Over the past few weeks, between the op-ed denouncing Gérard Depardieu and the affair surrounding Judith Godrèche, the actress who accused director Benoît Jacquot of rape, everyone has been wondering if the real #MeToo of French cinema had finally happened − if something had finally changed. Yes, but what exactly? This is the story of a rhetorical tipping point.
The first act was an article in the conservative French daily Le Figaro, published on December 25, 2023, defending Depardieu, the "sacred monster" under investigation for rape and sexual assault, who was shown on video spouting insanities at a little girl riding a horse. The avalanche of counter-letters and the reversal of public opinion provoked a violent backpedaling of the signatories, to the point where one wonders whether the "lynching-media court-manhunt" refrain might have run its course – except for the French president, who has defended the actor.
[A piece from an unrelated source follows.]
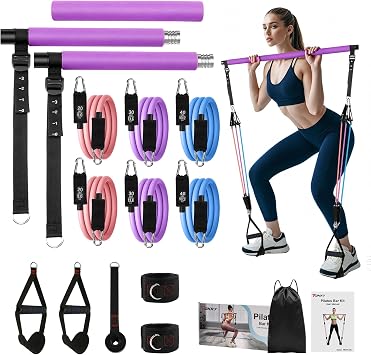 Fokky Kit d'Élastiques de Résistance Pilates et Musculation avec Barre Ajustable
The second act, the exhumation of Gérard Miller's 2011 documentary on Les Ruses du Désir : l'interdit ("The Ruses of Desire: The Forbidden"), was like a thunderclap. In the film, there is an interview with Jacquot, who acknowledges, with a smile and a touch of bravado, his taste for very young girls. He even blithely explains that cinema is only ever a "cover" for "illicit trafficking" in "morals of this type," i.e. sexual relations with minors. He cites his past relationship with Godrèche, who was 14 at the time, as an example.
He acknowledges the illegality of this traffic. "But I didn't give a damn," he says, before insisting that the whole corporation envied the profits he made from his reputation as a director. His remarks couldn't be clearer, more precise or cruder. We've heard of the "unabashed racist," now it's the "unabashed predator." He won't be able to feed us the "it was a different time" or "we didn't know" line, since he has just admitted, with a laugh, that he was perfectly aware of what he had done.
Tipping point
This is the tipping point. However disgusting Depardieu's comments on girls' "pussies" may be, they are the provocations of a man who has made obscenity his permanent mode of debauchery, when he doesn't outright deny ever having assaulted a woman in his life. In a way, Jacquot's speech is the opposite. Suddenly, we hear the composed, constructed discourse of the organized predator. It's almost unexpected.
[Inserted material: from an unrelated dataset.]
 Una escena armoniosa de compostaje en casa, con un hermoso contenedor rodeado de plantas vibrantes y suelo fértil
Yet this discourse has always been there: public, rampant, even admitted. Jacquot has never hidden his taste for underage girls, just as French writer Gabriel Matzneff has never hidden his taste for girls "under 16" or actor Philippe Caubère his taste for prostitutes, for example. The difference is that Jacquot has long since perfected a screen discourse, linking his sexual desire to his creative work as a necessity. The 2011 interview proves that there's a very fine line between the artist tortured by the Pygmalion effect and the actions of the ordinary (and uninhibited) pervert.